Question

20.Find \(\frac{{dy}}{{dx}}\) by implicit differentiation.

20. \(xy = \sqrt {{x^2} + {y^2}} \)

Short answer

The value is \(\frac{{dy}}{{dx}} = \frac{{x - y\sqrt {{x^2} + {y^2}} }}{{x\sqrt {{x^2} + {y^2}} - y}}\).

Step-by-step solution

Differentiate the given equation

The given equation is\(xy = \sqrt {{x^2} + {y^2}} \). Both sides of this equation are differentiated with respect to\(x\)as follows:

\(\begin{aligned}\frac{d}{{dx}}\left( {xy} \right) &= \frac{d}{{dx}}\left( {\sqrt {{x^2} + {y^2}} } \right)\\xy' + y\left( 1 \right) &= \frac{1}{2}{\left( {{x^2} + {y^2}} \right)^{ - \frac{1}{2}}}\left( {2x + 2yy'} \right)\end{aligned}\)

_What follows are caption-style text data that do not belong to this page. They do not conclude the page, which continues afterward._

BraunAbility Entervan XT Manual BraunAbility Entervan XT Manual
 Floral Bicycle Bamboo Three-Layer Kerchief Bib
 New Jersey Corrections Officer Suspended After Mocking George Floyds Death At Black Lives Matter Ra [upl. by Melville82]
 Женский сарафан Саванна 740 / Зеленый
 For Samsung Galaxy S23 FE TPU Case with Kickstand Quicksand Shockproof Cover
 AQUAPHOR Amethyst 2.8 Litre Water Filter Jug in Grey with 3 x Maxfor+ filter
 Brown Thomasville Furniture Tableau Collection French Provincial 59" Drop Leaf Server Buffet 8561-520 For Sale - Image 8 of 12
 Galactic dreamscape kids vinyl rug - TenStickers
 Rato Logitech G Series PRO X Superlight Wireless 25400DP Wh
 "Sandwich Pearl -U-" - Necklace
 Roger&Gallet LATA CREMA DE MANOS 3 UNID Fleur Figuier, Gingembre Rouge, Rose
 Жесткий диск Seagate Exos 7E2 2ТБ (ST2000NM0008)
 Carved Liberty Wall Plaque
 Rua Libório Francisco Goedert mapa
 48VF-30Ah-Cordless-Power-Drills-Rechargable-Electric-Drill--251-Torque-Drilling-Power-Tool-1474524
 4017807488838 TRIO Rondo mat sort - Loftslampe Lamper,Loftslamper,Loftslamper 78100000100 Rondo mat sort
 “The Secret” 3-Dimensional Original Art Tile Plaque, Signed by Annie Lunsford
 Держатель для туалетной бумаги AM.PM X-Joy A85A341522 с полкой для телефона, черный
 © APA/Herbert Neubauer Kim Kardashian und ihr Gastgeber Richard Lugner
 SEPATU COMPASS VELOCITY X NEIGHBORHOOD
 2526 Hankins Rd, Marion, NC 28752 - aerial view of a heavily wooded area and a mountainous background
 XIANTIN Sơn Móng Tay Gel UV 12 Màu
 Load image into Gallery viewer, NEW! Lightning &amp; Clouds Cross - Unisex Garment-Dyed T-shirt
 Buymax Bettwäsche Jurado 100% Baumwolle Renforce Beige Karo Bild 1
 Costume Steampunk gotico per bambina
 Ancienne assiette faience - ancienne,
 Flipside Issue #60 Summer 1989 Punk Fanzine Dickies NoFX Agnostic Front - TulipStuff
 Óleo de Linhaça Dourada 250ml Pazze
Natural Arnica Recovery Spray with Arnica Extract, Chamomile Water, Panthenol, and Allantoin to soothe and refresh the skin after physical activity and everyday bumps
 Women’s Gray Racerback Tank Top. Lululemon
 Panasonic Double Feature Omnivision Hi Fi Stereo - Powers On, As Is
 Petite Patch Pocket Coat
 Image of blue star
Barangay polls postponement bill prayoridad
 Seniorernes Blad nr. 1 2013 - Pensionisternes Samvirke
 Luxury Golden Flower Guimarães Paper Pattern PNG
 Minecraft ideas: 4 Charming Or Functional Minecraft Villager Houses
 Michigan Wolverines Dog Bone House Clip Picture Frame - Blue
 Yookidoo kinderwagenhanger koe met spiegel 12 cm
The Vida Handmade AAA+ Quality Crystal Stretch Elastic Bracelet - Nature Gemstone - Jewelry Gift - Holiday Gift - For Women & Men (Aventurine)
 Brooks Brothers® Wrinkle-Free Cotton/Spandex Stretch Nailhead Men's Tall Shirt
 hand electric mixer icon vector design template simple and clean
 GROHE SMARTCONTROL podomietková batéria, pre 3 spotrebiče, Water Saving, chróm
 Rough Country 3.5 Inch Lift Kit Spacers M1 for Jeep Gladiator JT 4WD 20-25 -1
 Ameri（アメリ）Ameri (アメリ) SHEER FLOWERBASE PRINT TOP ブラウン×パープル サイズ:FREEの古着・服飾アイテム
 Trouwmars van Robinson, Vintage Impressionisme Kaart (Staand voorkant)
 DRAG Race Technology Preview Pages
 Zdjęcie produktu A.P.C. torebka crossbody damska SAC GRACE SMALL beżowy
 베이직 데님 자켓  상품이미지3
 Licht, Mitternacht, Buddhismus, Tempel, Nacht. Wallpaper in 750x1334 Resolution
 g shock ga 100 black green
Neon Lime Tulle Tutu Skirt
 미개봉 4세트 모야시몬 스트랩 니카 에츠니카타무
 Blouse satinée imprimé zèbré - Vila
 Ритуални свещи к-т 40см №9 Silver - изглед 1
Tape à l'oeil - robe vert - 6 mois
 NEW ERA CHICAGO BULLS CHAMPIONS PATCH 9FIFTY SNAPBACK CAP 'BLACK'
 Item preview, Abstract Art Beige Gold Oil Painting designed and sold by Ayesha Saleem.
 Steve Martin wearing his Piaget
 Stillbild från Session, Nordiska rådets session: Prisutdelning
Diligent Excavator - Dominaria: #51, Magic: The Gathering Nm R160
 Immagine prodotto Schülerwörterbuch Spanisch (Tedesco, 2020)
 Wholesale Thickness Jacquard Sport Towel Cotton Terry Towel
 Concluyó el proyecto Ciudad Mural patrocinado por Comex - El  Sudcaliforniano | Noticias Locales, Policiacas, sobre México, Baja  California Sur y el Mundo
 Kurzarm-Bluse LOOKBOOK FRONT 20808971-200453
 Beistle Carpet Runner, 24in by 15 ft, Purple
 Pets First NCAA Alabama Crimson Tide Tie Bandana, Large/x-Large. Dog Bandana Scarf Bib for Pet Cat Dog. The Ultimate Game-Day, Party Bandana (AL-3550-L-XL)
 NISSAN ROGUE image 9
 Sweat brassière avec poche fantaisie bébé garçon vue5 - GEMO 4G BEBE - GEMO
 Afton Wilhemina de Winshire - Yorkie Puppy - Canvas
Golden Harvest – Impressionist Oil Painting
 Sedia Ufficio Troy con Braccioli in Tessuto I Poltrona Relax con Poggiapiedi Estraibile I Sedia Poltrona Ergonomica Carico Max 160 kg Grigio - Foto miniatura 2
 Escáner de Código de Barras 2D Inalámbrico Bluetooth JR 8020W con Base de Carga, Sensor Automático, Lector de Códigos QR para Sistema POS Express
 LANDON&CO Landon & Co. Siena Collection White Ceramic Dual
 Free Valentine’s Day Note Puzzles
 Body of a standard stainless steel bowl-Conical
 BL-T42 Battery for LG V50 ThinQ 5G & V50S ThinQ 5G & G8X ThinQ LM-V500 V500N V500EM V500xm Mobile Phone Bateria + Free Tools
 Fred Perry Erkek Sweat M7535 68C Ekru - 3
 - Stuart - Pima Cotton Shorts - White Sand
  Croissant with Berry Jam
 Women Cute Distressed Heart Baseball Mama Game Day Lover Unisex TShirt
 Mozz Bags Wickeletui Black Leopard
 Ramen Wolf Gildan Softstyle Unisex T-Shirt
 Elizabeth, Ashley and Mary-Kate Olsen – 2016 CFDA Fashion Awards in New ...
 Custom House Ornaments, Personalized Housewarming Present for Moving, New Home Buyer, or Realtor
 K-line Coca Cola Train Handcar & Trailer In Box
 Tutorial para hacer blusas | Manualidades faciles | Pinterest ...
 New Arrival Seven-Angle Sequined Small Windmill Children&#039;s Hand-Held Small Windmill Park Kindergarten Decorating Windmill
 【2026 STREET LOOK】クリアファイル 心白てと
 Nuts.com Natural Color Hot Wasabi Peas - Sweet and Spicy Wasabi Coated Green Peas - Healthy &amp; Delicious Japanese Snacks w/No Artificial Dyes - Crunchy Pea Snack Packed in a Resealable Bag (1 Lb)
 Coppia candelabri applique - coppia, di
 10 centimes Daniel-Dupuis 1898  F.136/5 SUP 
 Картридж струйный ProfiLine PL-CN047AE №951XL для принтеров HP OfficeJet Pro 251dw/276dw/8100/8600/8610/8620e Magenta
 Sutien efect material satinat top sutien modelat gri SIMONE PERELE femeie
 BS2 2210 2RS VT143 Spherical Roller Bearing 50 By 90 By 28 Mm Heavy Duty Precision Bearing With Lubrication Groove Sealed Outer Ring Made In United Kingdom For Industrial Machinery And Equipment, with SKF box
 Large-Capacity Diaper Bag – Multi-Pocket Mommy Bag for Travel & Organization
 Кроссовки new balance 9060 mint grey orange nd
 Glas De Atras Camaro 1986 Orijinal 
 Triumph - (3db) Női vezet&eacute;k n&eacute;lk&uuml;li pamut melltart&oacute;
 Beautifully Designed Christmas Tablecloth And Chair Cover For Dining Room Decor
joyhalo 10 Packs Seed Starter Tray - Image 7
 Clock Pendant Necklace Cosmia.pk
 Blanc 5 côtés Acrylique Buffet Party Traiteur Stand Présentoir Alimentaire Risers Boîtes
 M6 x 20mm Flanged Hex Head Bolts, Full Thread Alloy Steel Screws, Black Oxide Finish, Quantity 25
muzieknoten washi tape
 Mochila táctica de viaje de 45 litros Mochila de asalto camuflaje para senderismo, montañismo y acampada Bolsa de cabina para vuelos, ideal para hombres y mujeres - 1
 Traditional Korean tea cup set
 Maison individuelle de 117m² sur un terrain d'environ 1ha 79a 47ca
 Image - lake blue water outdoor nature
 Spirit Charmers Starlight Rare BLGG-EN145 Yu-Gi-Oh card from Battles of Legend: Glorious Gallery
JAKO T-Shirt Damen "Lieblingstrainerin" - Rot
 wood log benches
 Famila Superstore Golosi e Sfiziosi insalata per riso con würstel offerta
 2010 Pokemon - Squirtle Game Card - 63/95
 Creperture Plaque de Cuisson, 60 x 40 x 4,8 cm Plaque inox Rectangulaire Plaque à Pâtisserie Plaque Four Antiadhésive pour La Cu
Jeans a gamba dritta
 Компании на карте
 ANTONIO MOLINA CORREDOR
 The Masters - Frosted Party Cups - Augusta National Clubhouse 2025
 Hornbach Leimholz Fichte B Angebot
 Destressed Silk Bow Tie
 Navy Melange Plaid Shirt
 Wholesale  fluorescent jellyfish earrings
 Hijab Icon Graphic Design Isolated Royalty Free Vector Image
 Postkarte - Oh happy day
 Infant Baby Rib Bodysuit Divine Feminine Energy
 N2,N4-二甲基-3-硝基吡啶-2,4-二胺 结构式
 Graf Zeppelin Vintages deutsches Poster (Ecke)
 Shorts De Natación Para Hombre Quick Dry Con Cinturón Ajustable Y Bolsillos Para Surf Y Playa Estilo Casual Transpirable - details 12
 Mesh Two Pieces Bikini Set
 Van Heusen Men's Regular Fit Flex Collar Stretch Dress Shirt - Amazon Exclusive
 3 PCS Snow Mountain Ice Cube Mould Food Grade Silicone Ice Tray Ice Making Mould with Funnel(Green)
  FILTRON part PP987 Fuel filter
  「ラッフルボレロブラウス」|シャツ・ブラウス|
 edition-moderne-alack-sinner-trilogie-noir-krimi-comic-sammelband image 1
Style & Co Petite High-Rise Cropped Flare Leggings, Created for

Simplify the resulting equation

Simplify the resulting equation to obtain the expression for\(\frac{{dy}}{{dx}}\), as shown below:

\(\begin{aligned}xy' + y &= \frac{x}{{\sqrt {{x^2} + {y^2}} }} + \frac{y}{{\sqrt {{x^2} + {y^2}} }}y'\\xy' - \frac{y}{{\sqrt {{x^2} + {y^2}} }}y' &= \frac{x}{{\sqrt {{x^2} + {y^2}} }} - y\\\frac{{x\sqrt {{x^2} + {y^2}} - y}}{{\sqrt {{x^2} + {y^2}} }}y' &= \frac{{x - y\sqrt {{x^2} + {y^2}} }}{{\sqrt {{x^2} + {y^2}} }}\\y' &= \frac{{x - y\sqrt {{x^2} + {y^2}} }}{{x\sqrt {{x^2} + {y^2}} - y}}\end{aligned}\)

Thus, the value is \(\frac{{dy}}{{dx}} = \frac{{x - y\sqrt {{x^2} + {y^2}} }}{{x\sqrt {{x^2} + {y^2}} - y}}\).